Automated test harnesses for Firefox, zooming out a bit
In December I was going through some of the steps to be able to change, fix, and interpret the results of a small subset of the gazillion automated tests that Mozilla runs on Firefox builds. My last post arrived at the point of being able to run mochitests locally on my laptop on the latest Firefox code. Over the holidays I dug further into the underlying situation and broaded my perspective. I wanted to make sure that I didn’t end up grubbing away at something that no one cared about or wasn’t missing the big picture.

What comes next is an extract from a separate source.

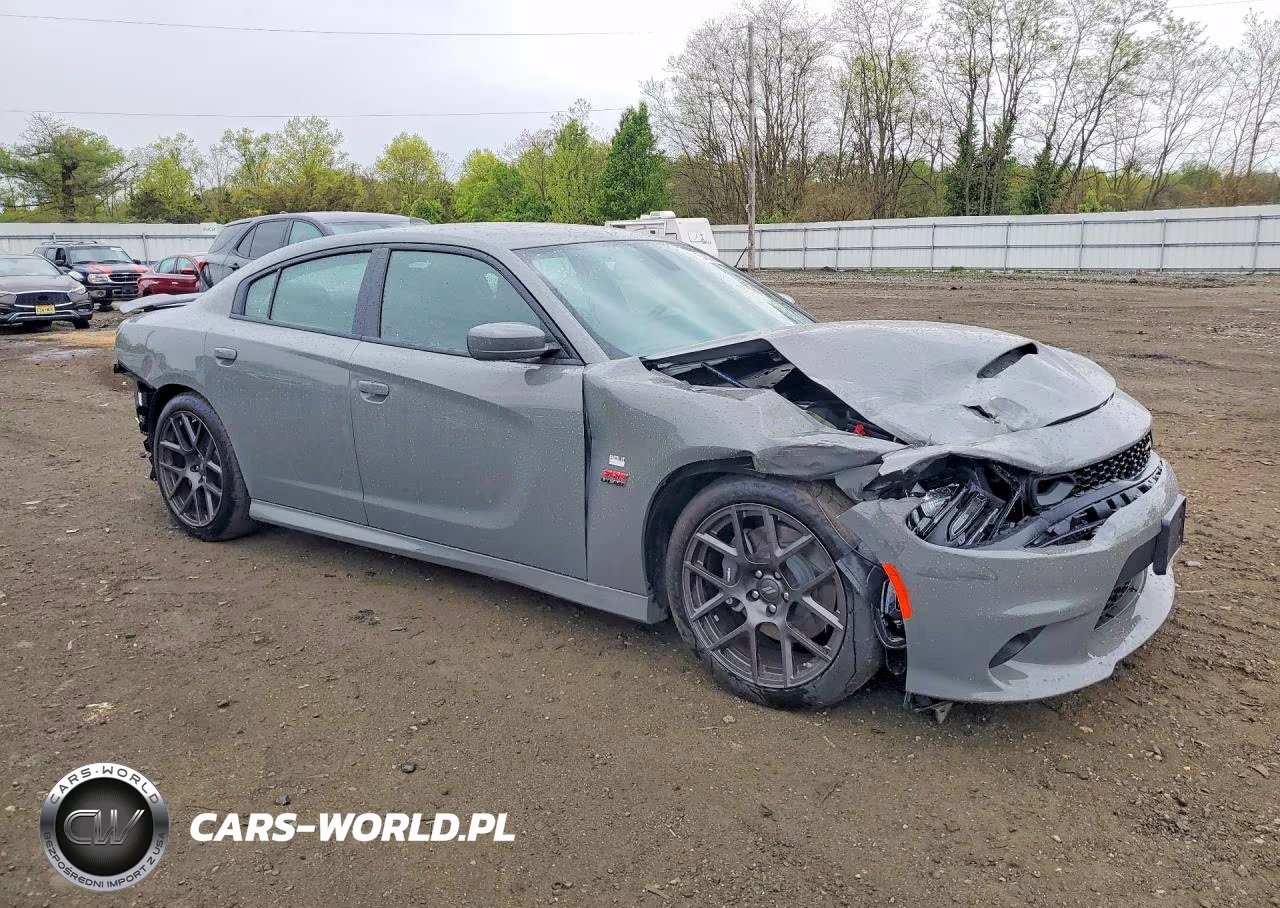 2019 Dodge Charger Scat Pack VIN:2C3CDXGJ5KH624422 - 4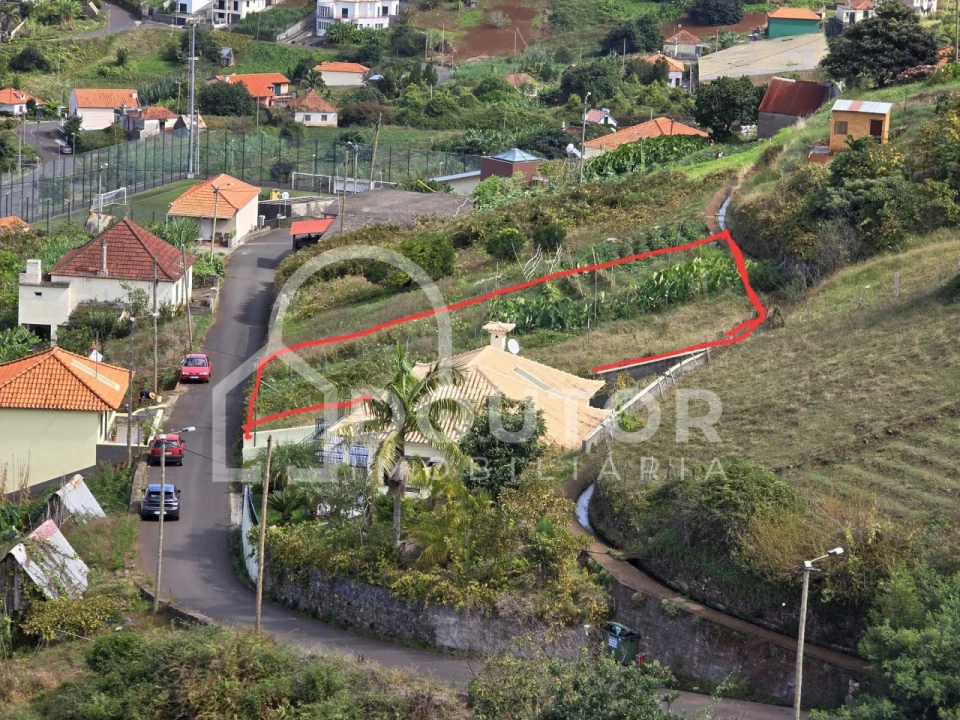 Terreno para Venda em Porto da Cruz Foto 3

My question was, how can I, or QA in general, understand where Firefox is with e10s (Electrolysis, the code name for the multiprocess Firefox project). Can I answer the question, are we ready to have e10s turned on by default in Firefox — for the Developer Edition (formerly known as Aurora), for Beta, and for a new release? What criteria are we judging by? Complicated. And given those things, how can we help move the project along and ensure good quality; Firefox that works as well as or, we hope, better than, Firefox with e10s not enabled? My coworker Juan and I boiled it down to basically, stability (lowering the crash rate) and automated test coverage. To answer my bigger questions about how to improve automated test coverage I had to kind of zoom out, and look from another angle. For Firefox developers a lot of what I am about to describe is basic knowledge. It seems worth explaining, since it took me significant time to figure out.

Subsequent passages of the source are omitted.